● Work to be completed: As written and without pictures, set down the lines from the one that contains "KTM RC 390 MY20 - rear-right" through the end of the data.

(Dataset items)

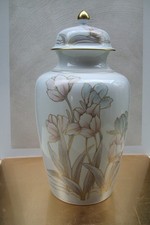 Elegante Deckelvase Kaiser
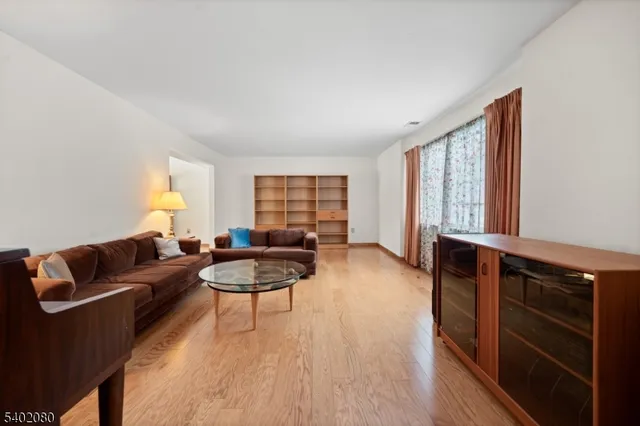 $699,000 | 8 Liberty Lane, Somerset, NJ 08873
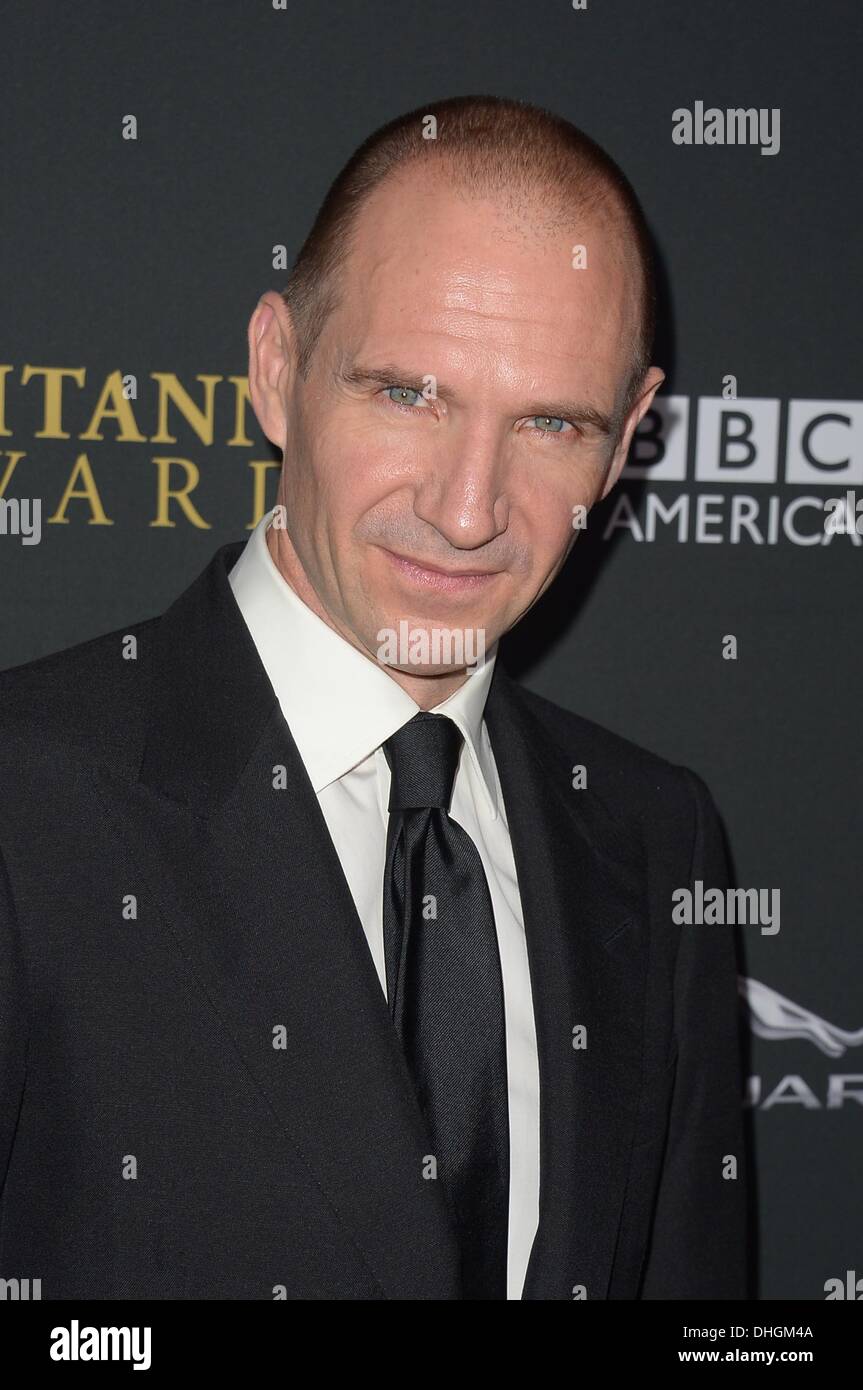 Ralph Fiennes arriva presso il BAFTA LA Britannia Awards di Los Angeles, California, 9 novembre 2013 Foto Stock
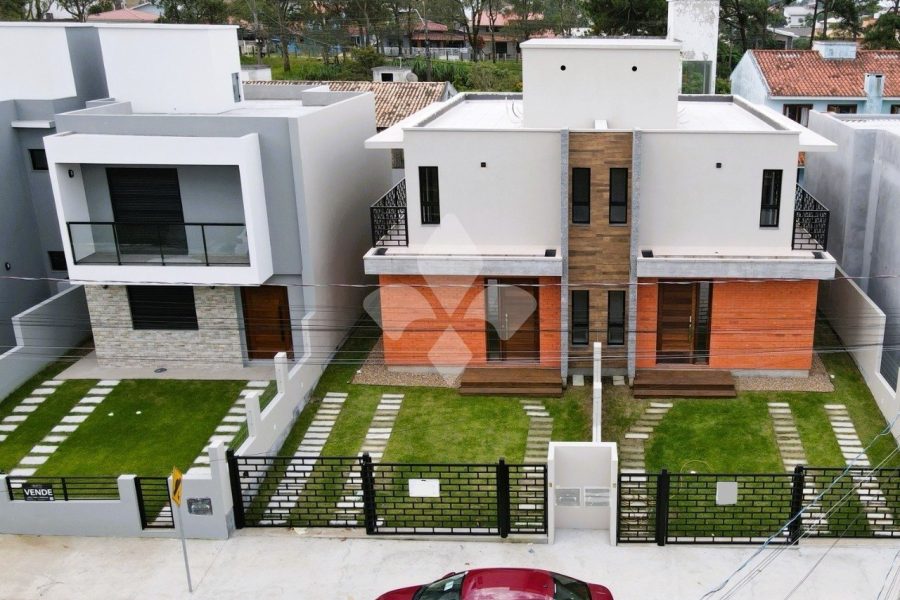 Casa com 137m², 3 dormitórios, 1 suíte, 2 vagas no bairro Centro em Garopaba para Comprar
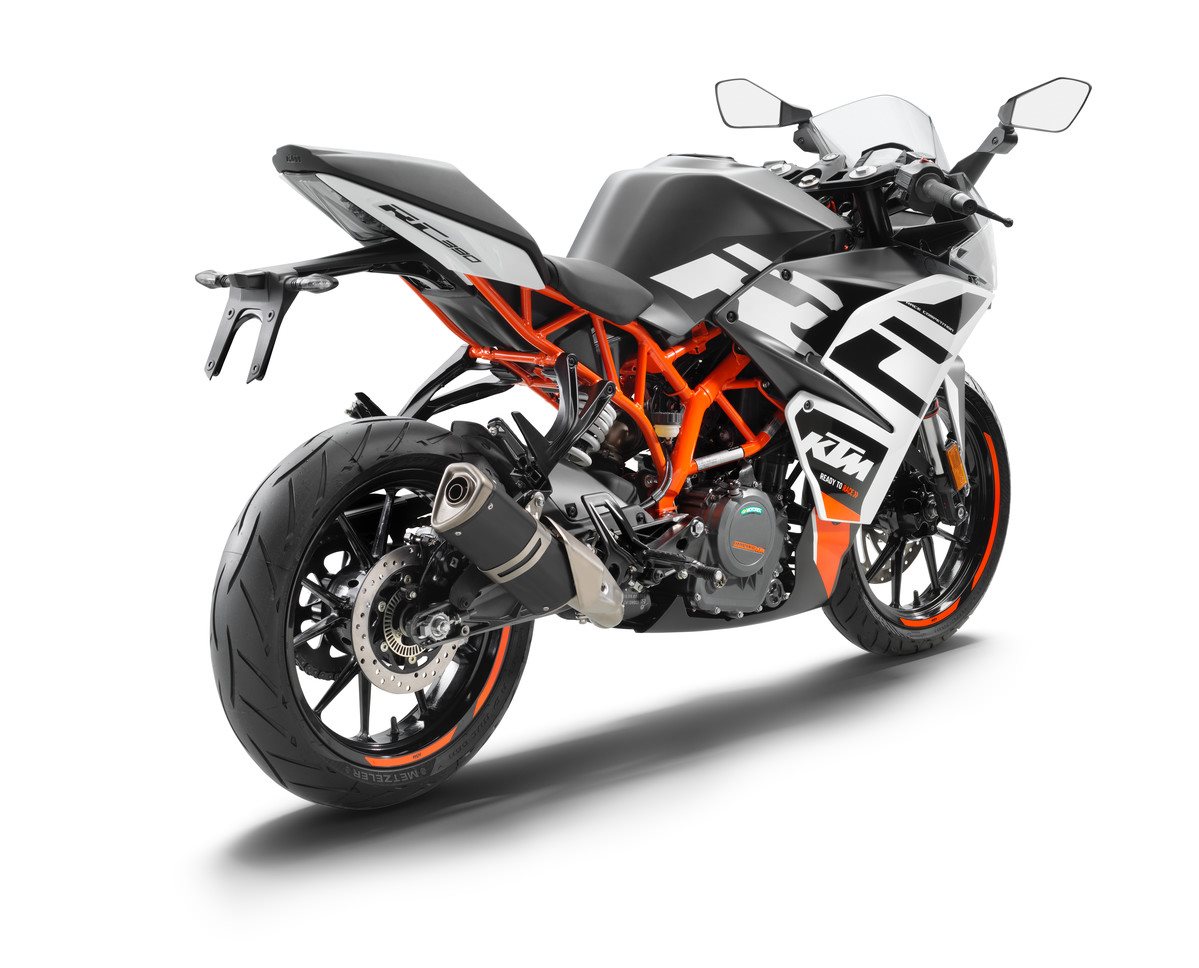 KTM RC 390 MY20 - rear-right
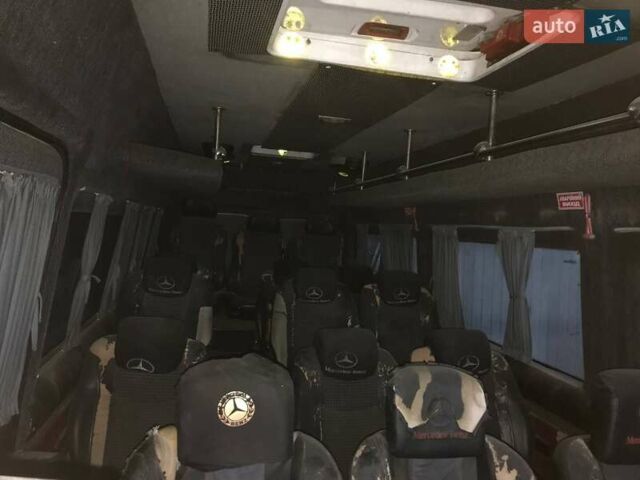 Белый Мерседес Sprinter, объемом двигателя 2.69 л и пробегом 560 тыс. км за 9500 $, фото 3 на Automoto.ua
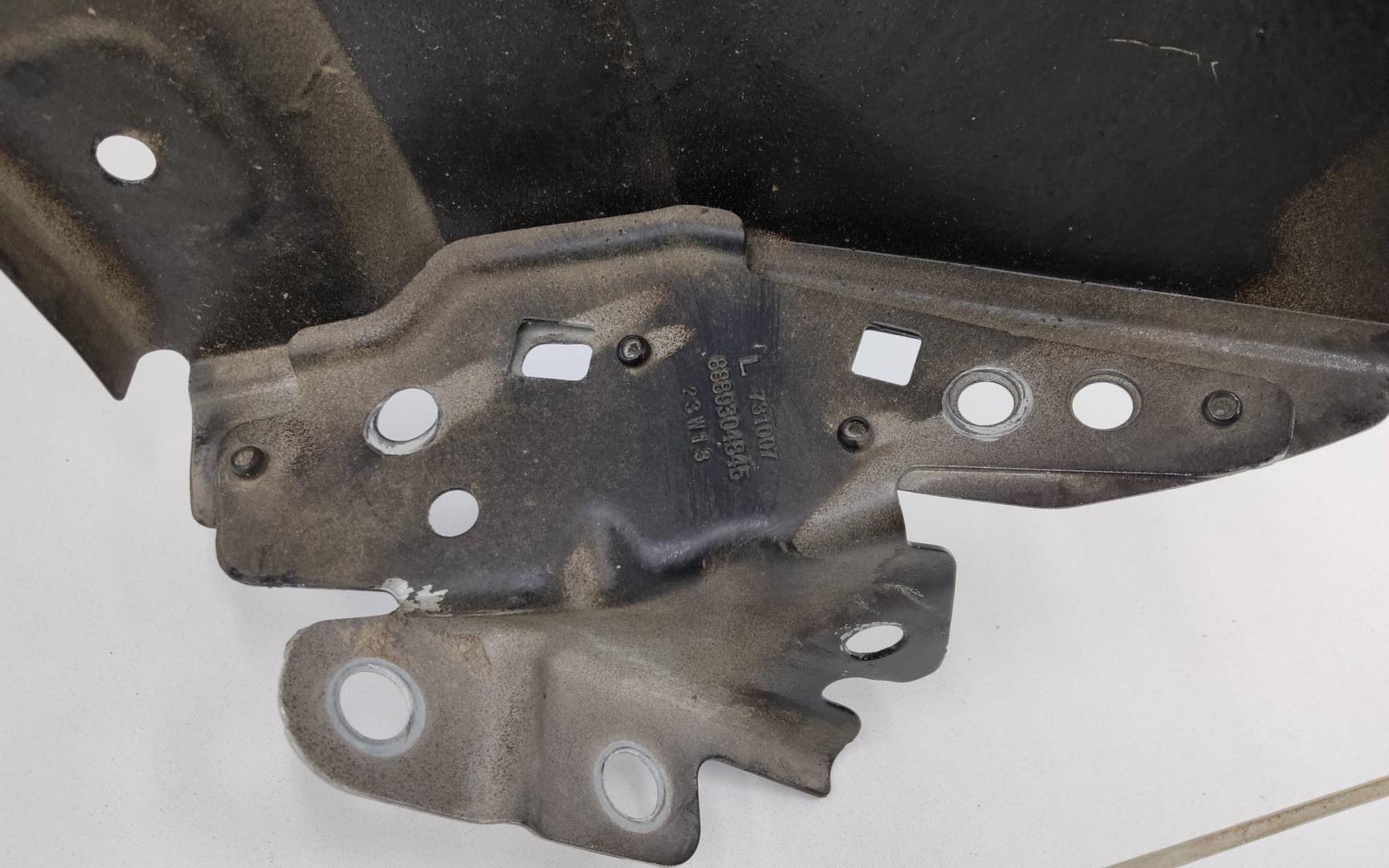 Крыло переднее левое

● Result:
 KTM RC 390 MY20 - rear-right
 Белый Мерседес Sprinter, объемом двигателя 2.69 л и пробегом 560 тыс. км за 9500 $, фото 3 на Automoto.ua
 Крыло переднее левое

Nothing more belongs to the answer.